Theatre in Europe between World War I & World War II - I: France and Germany


The brutal fact of the Great War, the first WORLD War (as it came to be called after the second), the “war to end all wars,” was impossible to ignore in Europe, whose every wheat field had been turned into trenches, whose beautiful villages and towns were damaged by artillery, and whose people lost approximately half a generation of young men.  According to one historian, 8,300,000 people died and $337 billion dollars was spent on this first disaster of twentieth century proportions.


Artists who had already begun to experiment in the modern mode were forced to ask increasingly difficult questions.  How could the century of the most advanced science and technology in history also wreak the most havoc and destruction?  Artists began to reflect on what had become an increasingly distorted mirror, a world that seemed to have gone mad.  Postwar theatrical movements sought to investigate the era in which they lived.

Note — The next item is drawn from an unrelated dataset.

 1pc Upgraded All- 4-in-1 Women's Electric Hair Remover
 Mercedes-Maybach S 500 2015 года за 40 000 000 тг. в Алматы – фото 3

Their experiments were disturbing and shocking, but these avant-garde movements vitally influenced later theatre, mainstream as well as experimental. Paris, which had been established as the hub of the artistic avant-garde experience before the Great War, remained the nucleus of experimentation just after the war as well.  

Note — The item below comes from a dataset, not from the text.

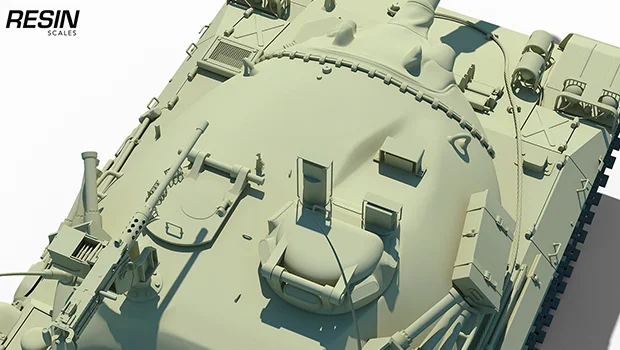 STB-1 Japan Medium Tank 1:35 scale resin kit - Image 27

The next theatrical movements we’re going to examine are disturbing, shocking, and do not flow in the “mainstream” of theatre in their time.  Each of these movements, however, sought to investigate the era in which they lived, and all of them investigated it much more closely than the mainstream theatre, which usually sought to escape the burning questions asked by the theatrical avant-garde. Perhaps most importantly these movements reflected what seemed to be the new world order -- DISorder!

Futurist art - cute
      
Futurist art  - not so cute
One of the earliest of these -isms actually had its start before the war. Futurism was first defined by F.T. Marinetti (an 
Italian writing in Paris) in his 1909 manifesto that founded the movement.  Futurism glorified the energy, speed, and power of the machine age.  This seems reasonable enough, in that astonishing new machines were being constantly created, and in many futurist works of art the feeling of celebration is apparent, as well as good humor about the new machine age.  One theatrical way of expressing
this celebration of speed and power was in the shortest possible playlets, called sintesi (synthetic plays). A typical one is called Detonation, and it takes as long to play as it takes a bullet to detonate! In glorifying the new, however, the movement also rejected the past.  Marinetti called for libraries and museums destroyed, and of course traditional theatres as well.  In place of the theatres came an early form of performance art -- evenings of variety entertainments in cafes and cabarets, calculated to disturb and to provoke audiences. 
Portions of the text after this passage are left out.